# Best single turbo exhaust for a 300zx



## Guest (Aug 22, 2002)

I was just wondering on what ours thought might be the best single turbo exhaust on a 300zx. Thanks.


----------



## Guest (Aug 22, 2002)

Sorry I meant to say "your thought".


----------



## samo (Apr 30, 2002)

I'm assuming this is for a Z31, since you're talking single-turbo. If I'm wrong, another mod can move it again. Moved to the Z31 section...


----------



## Mike92se (Aug 25, 2002)

*try z31.com*

w000t


----------



## Engloid (Jul 7, 2002)

300ZX-KID said:


> *I was just wondering on what ours thought might be the best single turbo exhaust on a 300zx. Thanks. *


Best performance will be with custom mandrel bent 3" pipe (with 3" all the way up to the wastegate elbow if you got the money). 

Also, no cat converter if you can get by with it, high flow if you have to have it....and a good muffler or no muffler if you don't mind a bit of noise.
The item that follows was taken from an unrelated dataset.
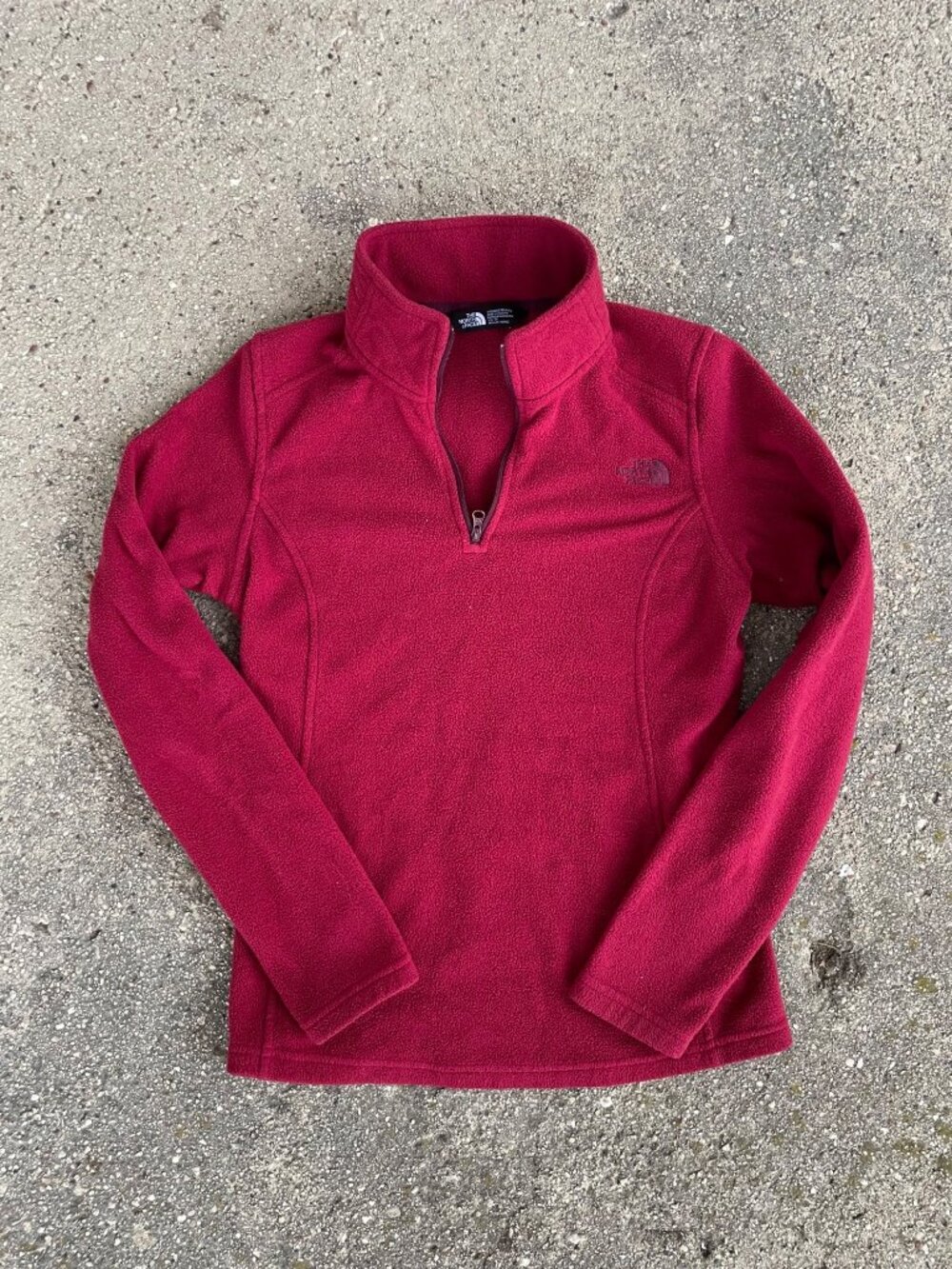 The North Face Fleece 1/4 Zip Pullover Burgundy Red Womens XS Gorpcore Normcore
If you're not into big power, then you will be fine with 2.5"


----------



## Nismo Skyline (May 2, 2002)

Engloid is right. I custom built a 3 1/2" for my car. It cost way too much money. A good 3 inch system will be good to get you into the 12's with all the right parts.


----------



## Ford Falcon (Mar 5, 2004)

Certified Muffler


----------



## 0341TODD (Nov 15, 2003)

I cut my exhaust off at the front of the cat and stuck a magnaflow with a dump on it on the pipe It works just fine and the turbo sounds kick ass!!!!!


----------